Fearing that his position as a former public official would make him the target of reprisals, he emigrated with his two eldest sons – leaving behind his wife, mother, and his remaining children – in October 1791 and joined the army of the Prince of Condé. He was within earshot of the Battle of Jemappes in November 1792. He soon settled in Heidelberg and later moved to Switzerland. There he wrote his first important work, the highly conservative Theorie du Pouvoir Politique et Religieux dans la Societe Civile Demontree par le Raisonnement et l'Histoire (3 vols., 1796; new ed., Paris, 1854, 2 vols.), which the Directory condemned. His exile would separate him from his family for more than a decade, with only a brief reunion in 1797.[11][10]
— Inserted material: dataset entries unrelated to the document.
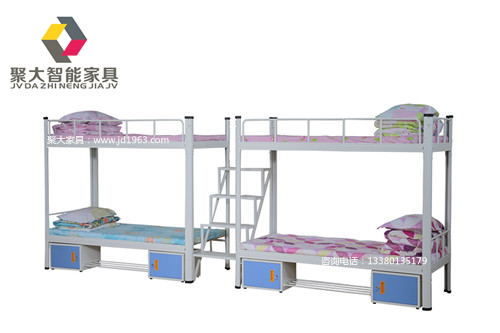 浦东宿舍床厂家 浦东双层铁床供应商 广东聚大家具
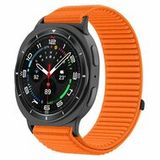 Samsung Galaxy Watch 8 Classic 46mm Nylon Ribbelbandje - Oranje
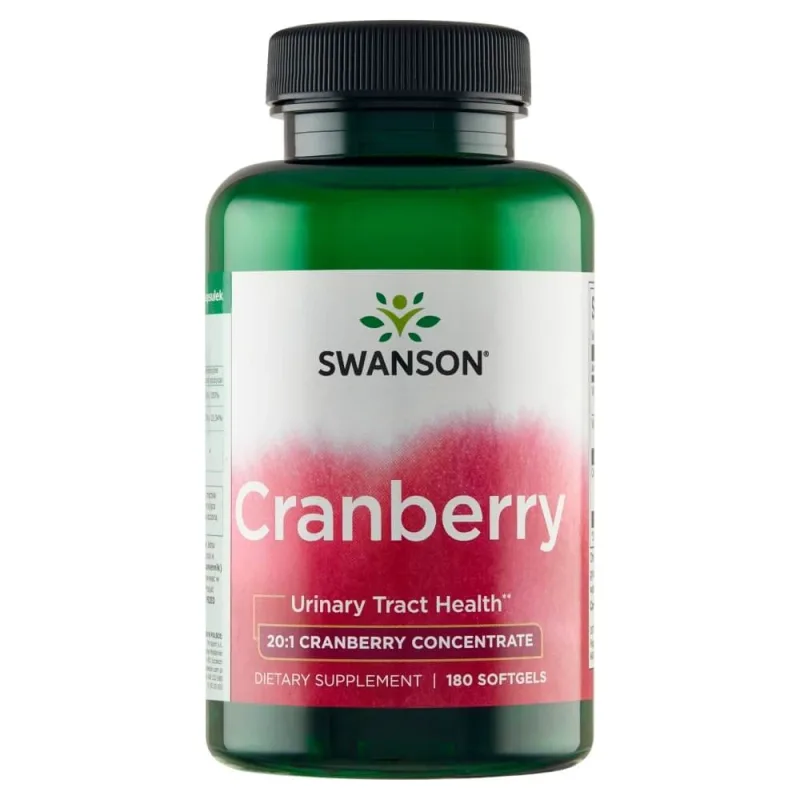 Swanson Cranberry, merișor, 180 capsule — preț și oferte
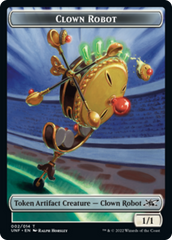 Clown Robot (002) // Food (010) Double-sided Token [Unfinity Tokens] | Impulse Games and Hobbies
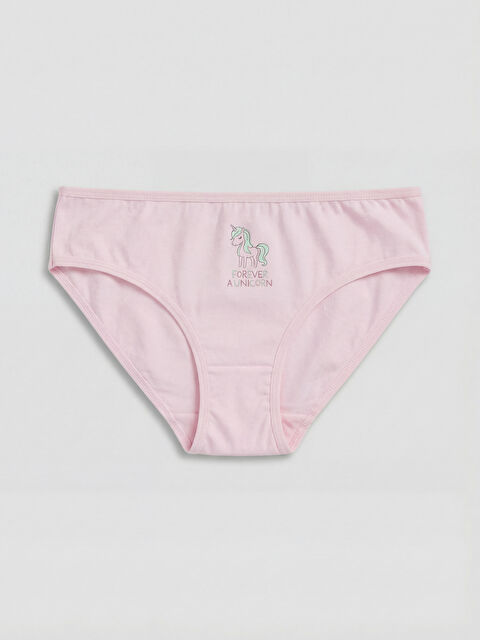 LCW Kids Baskılı Kız Çocuk Külot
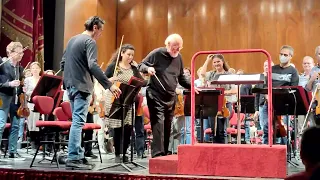 Standing ovation welcomes John Williams to Teatro alla Scala / Open Rehearsal / December 11, 2022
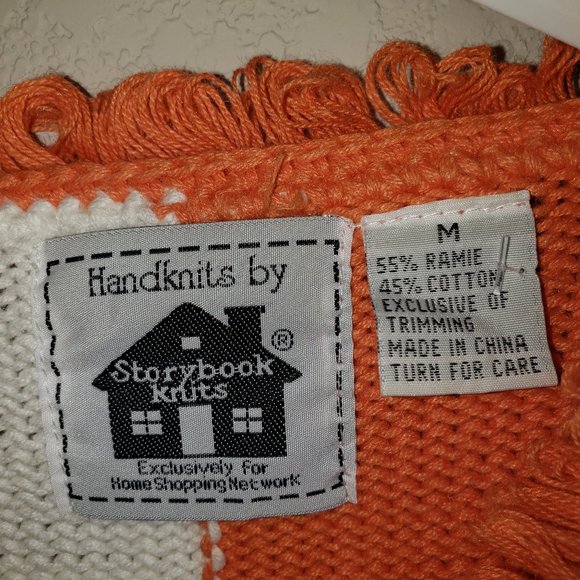 Sunflower Patterned Sweater - Orange and White - Picture 6 of 7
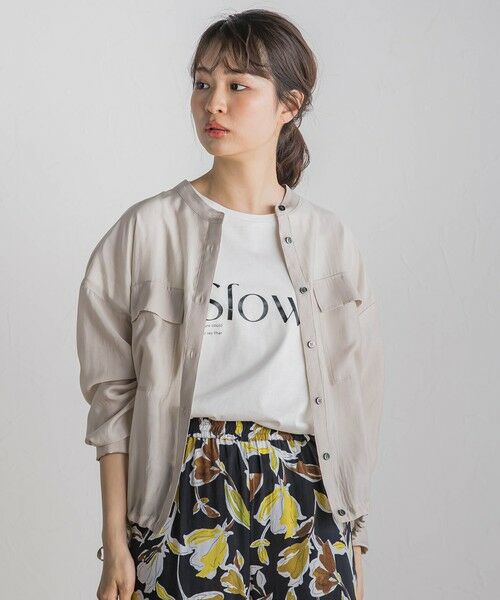 Droite lautreamont / ドロワットロートレアモン シャツ・ブラウス | セミシアードロストブラウス≪手洗い可能≫ | 詳細28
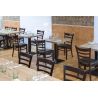 Structure pour chaise PUB (sans assise) d'intérieur - Bois teinte wengé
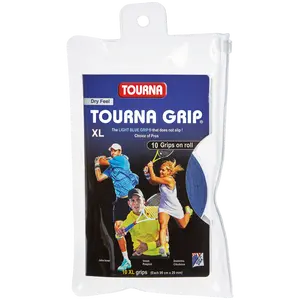Tourna Grip XL Original Dry Feel Tennis Grip 10 Pack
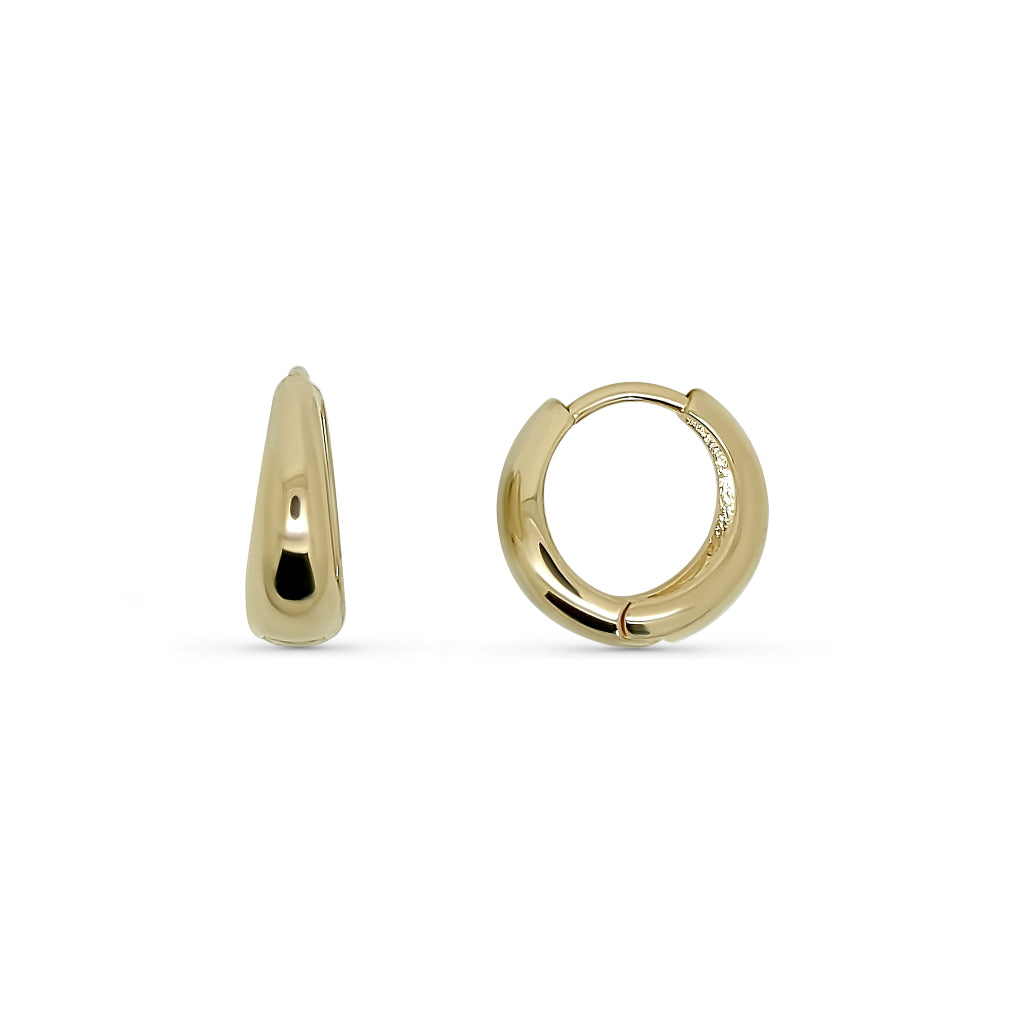 Gold Huggie Hoop Earrings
He returned to France in 1797 and largely spent the next five years in Paris in a sort of internal exile. Napoleon was an admirer of de Bonald's writings and had him removed from the list of proscribed émigrés in 1802. This amnesty granted de Bonald a greater degree of freedom to travel and publish his writings. He moved within literary and political circles, and would make the acquittance of writers such as La Harpe, Lacretelle, and, most importantly, François-René de Chateaubriand. During this time he wrote a critical review of The Wealth of Nations by Adam Smith, arguing that the true common good of a nation lies in a shared life of virtue and not simply in material prosperity. He would strike up a long correspondence and friendship with the conservative Savoyard philosopher Joseph de Maistre, however the two would never meet.[8][10] In 1806, he, along with Chateaubriand and Joseph Fiévée, edited the Mercure de France. Two years later, he was appointed counsellor of the Imperial University, which he had often attacked previously.[12]
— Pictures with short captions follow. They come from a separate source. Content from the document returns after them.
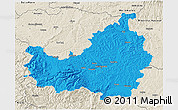 Political 3D Map of Cluj, shaded relief outside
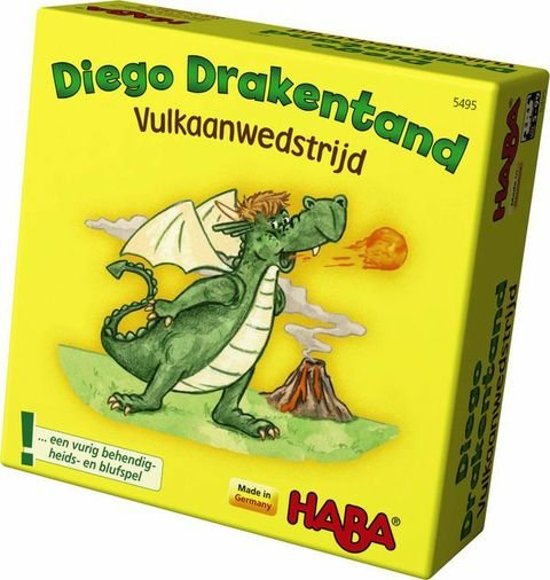 Afbeelding van het spel Supermini Spel - Diego Drakentand - Vulkaanwedstrijd (Nederlands) = Duits 4914 - Frans 5474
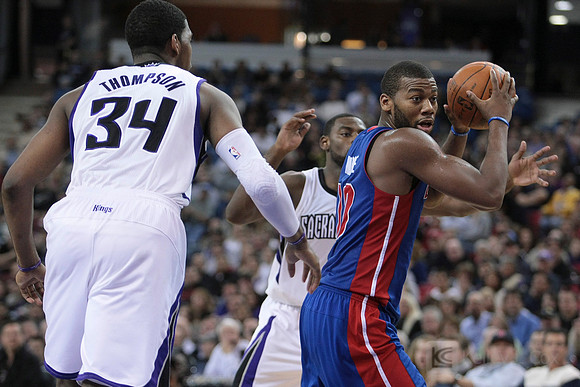 NBA: Detroit Pistons at Sacramento Kings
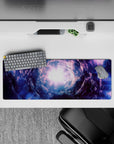 Indigo, smoky blue, and lavender mist mood mouse pad 32x12 inches for a late-night galaxy vibe.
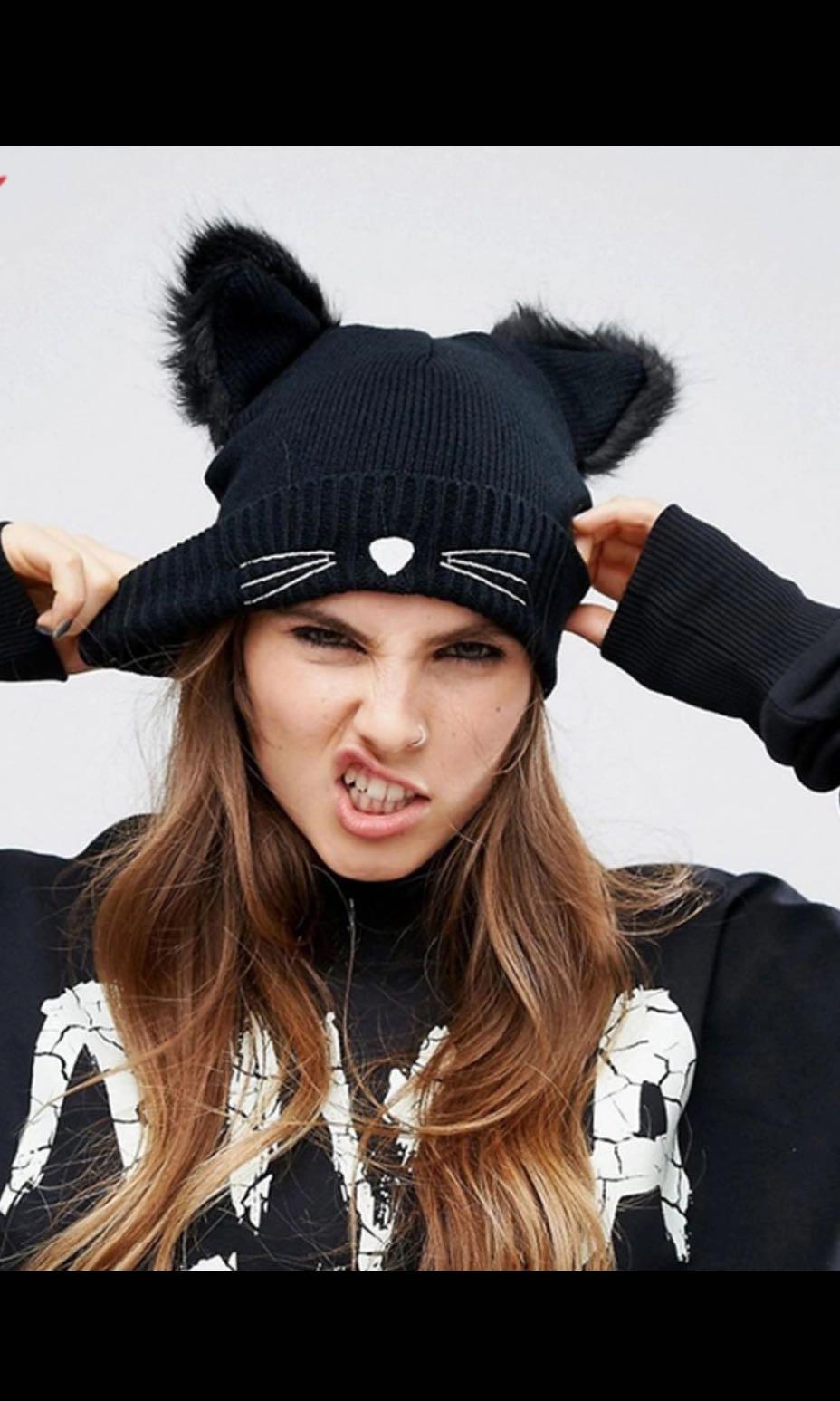 Women Beanies Cat Cute Hat Cap Women s Fashion Watches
Bourbon Restoration and political career edit

 
The French Chamber of Deputies, where de Bonald was a deputy from 1815 to 1823.

The Bourbon Restoration saw de Bonald's political fortunes increase. He was made a member of the Royal Council for Public Instruction[13] and in 1816 he was appointed to the French Academy by Louis XVIII.[11] From 1815 to 1823, de Bonald served as an elected deputy for Aveyron in the Chamber of Deputies. A member of the Ultra-royalist faction (also known as "Ultras"), his speeches were extremely conservative and he vigorously sought to undo the legislation passed in the wake of the Revolution. He opposed the Charter of 1814, seeing it as giving too many concessions to the revolutionaries and enfeebling the government.[8] He sought strong protections for the traditional family and in 1815 successfully argued for the repeal of laws passed during the Revolution permitting divorce, which afterwards remained illegal in France until 1884.[10]

The Revolution had abolished the remainder of the medieval trade guilds, affording little protection to workers. The Le Chapelier Law of 1791 forbade workers the right to form workers' associations and prohibited strike actions.[14] De Bonald worked to reverse the Le Chapelier Law and reintroduce guilds, but his efforts were unsuccessful[10] and the right to form workers' associations would not be reintroduced in France until 1864.[14]

He also continued his writing career during this time, and his intellectual pursuits led to him visit many of Paris' Salons. Both de Bonald and Chateaubriand frequented the salon of Juliette Récamier, who drew from the leading literary and political circles of her day. He, along with Chateaubriand, contributed to various newspapers and journals, including The Correspondant, a journal of French and British thinkers, as well as Conservateur, a newspaper dedicated to defending the position of the Ultras. 1817 saw the publication of his Thoughts on Various Subjects, and his Observations on Madame de Staël's Considerations on the Principle Events of the French Revolution in the following year.[8]

Peerage and later life edit

 
Portrait of de Bonald by an unknown artist.

In 1822, de Bonald was made Minister of State, and in the following year, he was raised to the peerage by Louis XVIII, a dignity which he had lost by refusing to take the required oath in 1803. This entitled de Bonald to sit in the Chamber of Peers, the upper house of the French Parliament during the Bourbon Restoration. In 1825, he argued strongly in favor of the Anti-Sacrilege Act, including its prescription of the death penalty under certain conditions.[11] In 1826, de Bonald briefly stepped away from politics due to the death of his wife.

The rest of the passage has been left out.